Task item:
Return exactly the lines from the "Гідропомпа Bathmate Hydro" line through the last line of the entries below. Include no pictures.

Records shown:
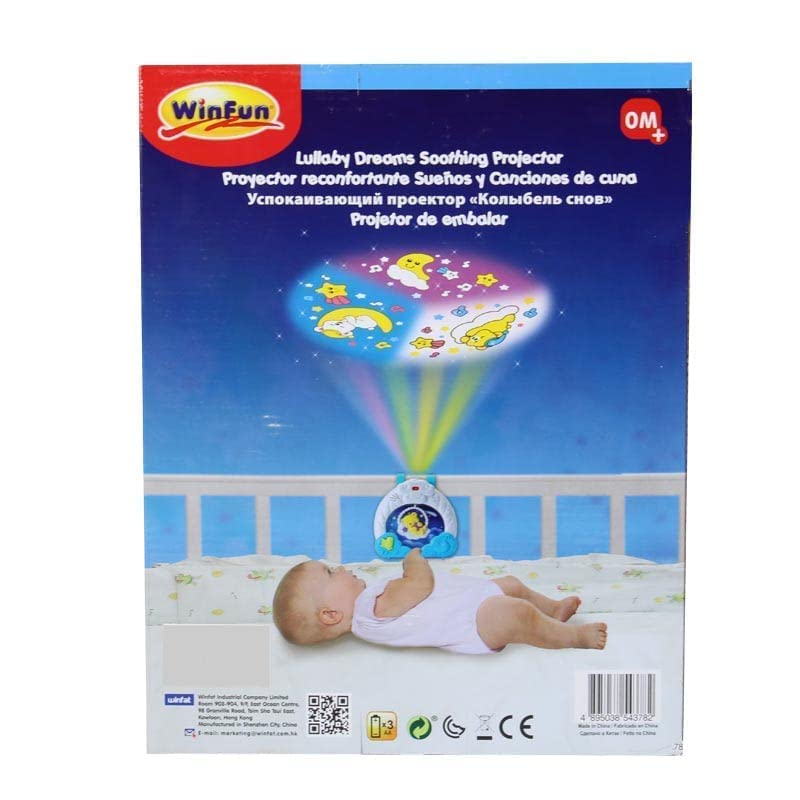 Winfun Lullaby Dreams Soothing Projector, Multicoloured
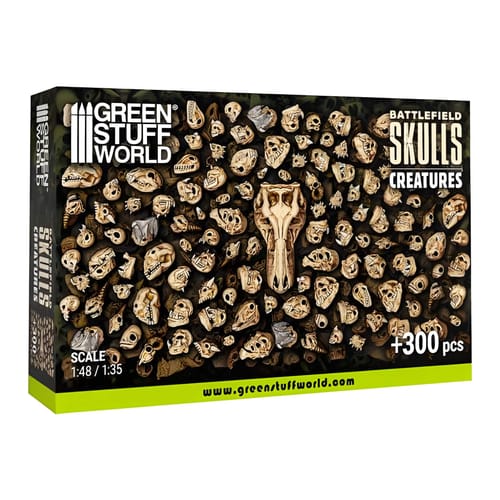 Levně Green Stuff World: Battlefield Creature Skulls (300ks)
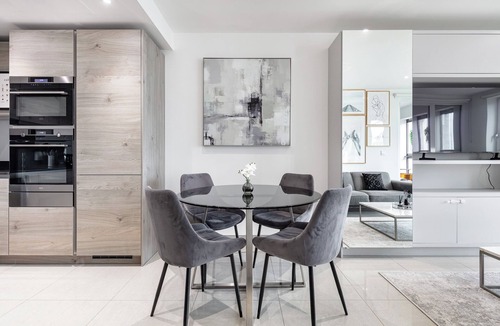 Newington Apartment | London Eye Fireworks View|Lux 2Bed 2Bath Southwark AirCon & Gym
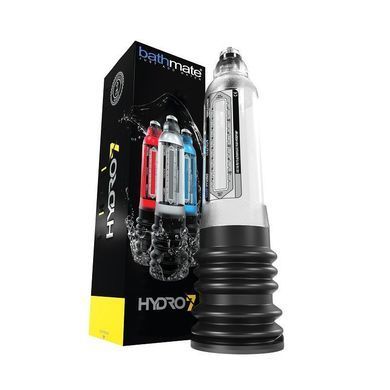 Гідропомпа Bathmate Hydro 7 Clear, для члена довжиною от 12,5 до 18см, діаметр до 5см BM-30-CC фото
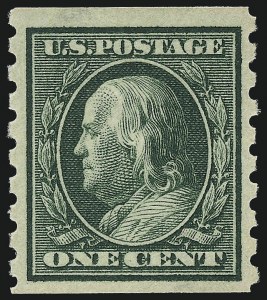 Sale 968B, Lot 500, 1910-13 Washington-Franklin Issue (Scott 390-396)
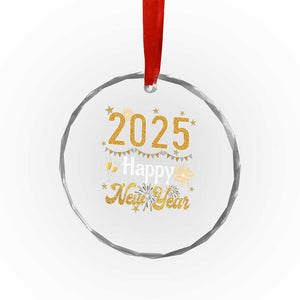 Happy New Year 2025 Crystal Glass Ornament New Year's Eve Party Family Matching TS11 Print Your Wear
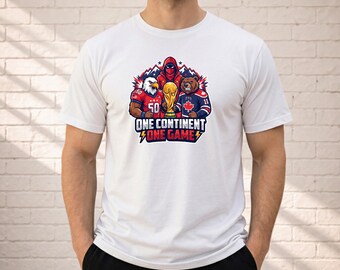 One Continent One Game Shirt, Soccer Fan Comfort Colors T-Shirt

Exercise response:
 Гідропомпа Bathmate Hydro 7 Clear, для члена довжиною от 12,5 до 18см, діаметр до 5см BM-30-CC фото
 Sale 968B, Lot 500, 1910-13 Washington-Franklin Issue (Scott 390-396)
 Happy New Year 2025 Crystal Glass Ornament New Year's Eve Party Family Matching TS11 Print Your Wear
 One Continent One Game Shirt, Soccer Fan Comfort Colors T-Shirt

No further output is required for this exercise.